There are different nations, different ethnic groups, different people. They are countless and they all have their own culture, customs and languages. This is a reason why translation is an important tool in cross-cultural communication. It helps to exchange meanings and explain certain cultural aspects from one language to another. However, it very often appears that particular cultures and language structures are so different that the process of translation becomes impossible. There are significant differences between the source language and the target language or there is a total lack of right or direct equivalent for certain cultural aspects. This phenomenon results in linguistic and cultural untranslatability.

While studying in China and doing a linguistic research on the influences between English and Chinese, I noticed that in translations from Chinese into English, untranslatability is most likely to occur. There is an appreciable cultural gap as well as an absence of some cultural features. It mostly touches these areas of culture connected with social structures, customs and traditions, religion or associations with colors. Except the cultural gap, there is also an appreciable difference in the language structure. Concerning the grammar of English and Chinese, the languages differ so much that only a person who is familiar with the grammatical structures of both languages can translate a text properly.

Because of the differences between two cultures semantic equivalence is limited to a great extent and for those cultural-specific terms and expressions, it is simply impossible  to find their references in the target language. In this case, the translator can provide appropriate descriptions in order to explain the meaning of the cultural-specific terms.

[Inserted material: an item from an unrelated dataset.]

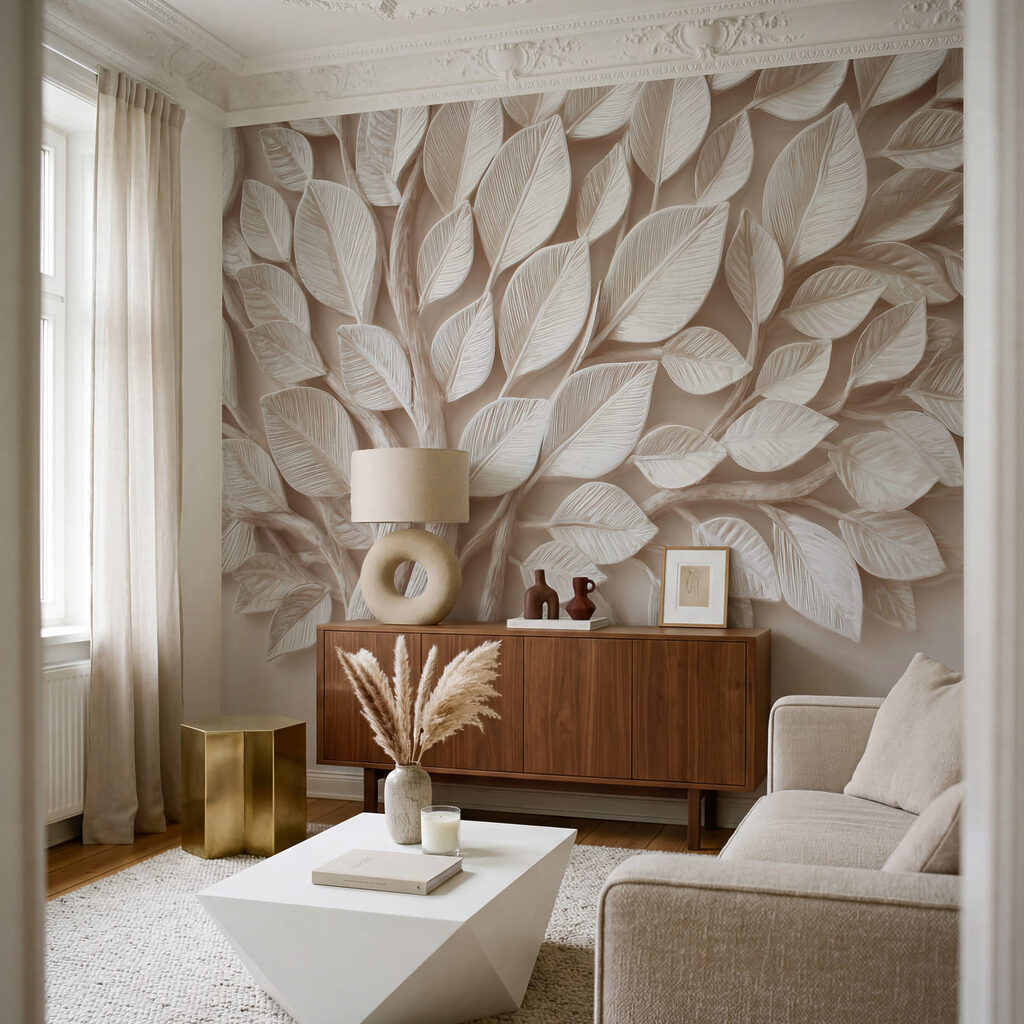 Baum mit weißen Blättern in einem Interieur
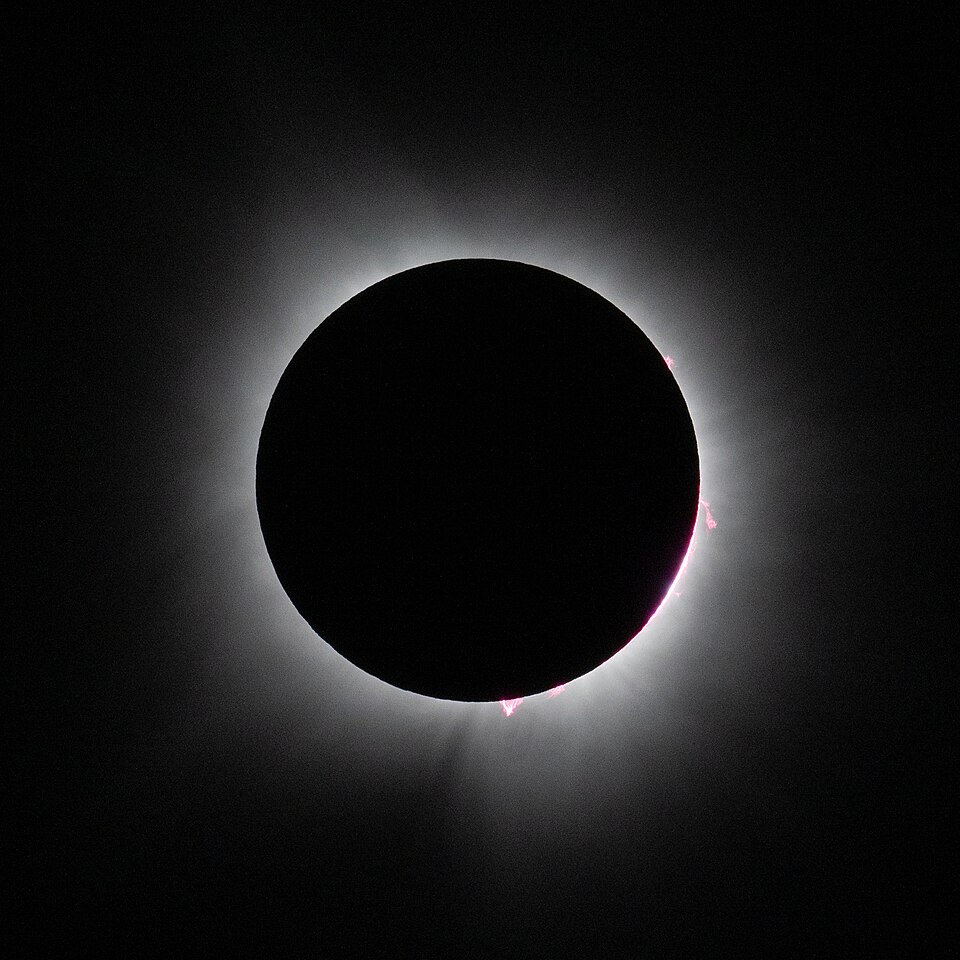 The 2024 total solar eclipse, with the sun’s corona glowing around the moon’s silhouette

Although in some cases, the translator may decide that the culture of the source text should not take the priority over the culture of the target text and that translation should be target language culture-oriented. In this situation, he can simply omit certain parts of the text, use generalization or domestication method in which the goal of translation is to bring, in a way, the cultural aspects to the audience as more recognizable or even familiar. Using domestication method, all the source language culture-specific traces are supposed to disappear.

 

Social structure in China

In China we can observe the social class system and social hierarchy even when it comes to family members. It also shows that relations between family and relatives have a great value to the Chinese. The words that describe family members can not be easily translated without an exact context. They all can be translated differently depending on the age, sex and maternal or paternal relation. There are for example eleven ways to translate the words “uncle” and “aunt”. A few of them are: “叔父” (shufu) for father’s younger brother, “大爷” (daye) for father’s older brother, ”舅父” (jiufu) for mother’s brother, “姑母” (gumu) for father’s married sister, “舅母” (jiumu) for wife of mother’s brother or “叔母” (shumu) for wife of father’s younger brother. The same happens with words for brothers and sisters, parents-in-law, grandparents, cousins and all possible family members and relatives.

A few more examples would be: “姐姐” (jiejie) older sister, “妹妹” (meimei) younger sister, “哥哥” (gege) older brother, “弟弟” (didi) younger brother etc.

English does not have such wide distinction between uncles or aunts. That is why in such cases, if the exact relationship was an important information also in the target text, the translator would have to provide descriptions in the translation because of the lack of one word equivalent in English. Although, if it was not necessary to give such detailed information, the translator could simply use generalization and instead of writing “wife of father’s younger brother” he could write “aunt” etc.

 

Customs and traditions

Many difficulties in translation are also caused by typically Chinese traditions and holidays, for example, the Spring Festival (or Chinese New Year) or Moon Festival which have many characteristic features which are absent in European or American culture. For example words “红包” (hongbao), which is a typical red envelope with golden writings and pictures, used to give money on the Chinese New Year or „月饼” (yuebing) which is a traditional cake that is made and eaten only during the Moon Festival, usually filled with very unique fillings, are hard to translate without explaining the meaning of those words, unless the readers are familiar with their cultural background.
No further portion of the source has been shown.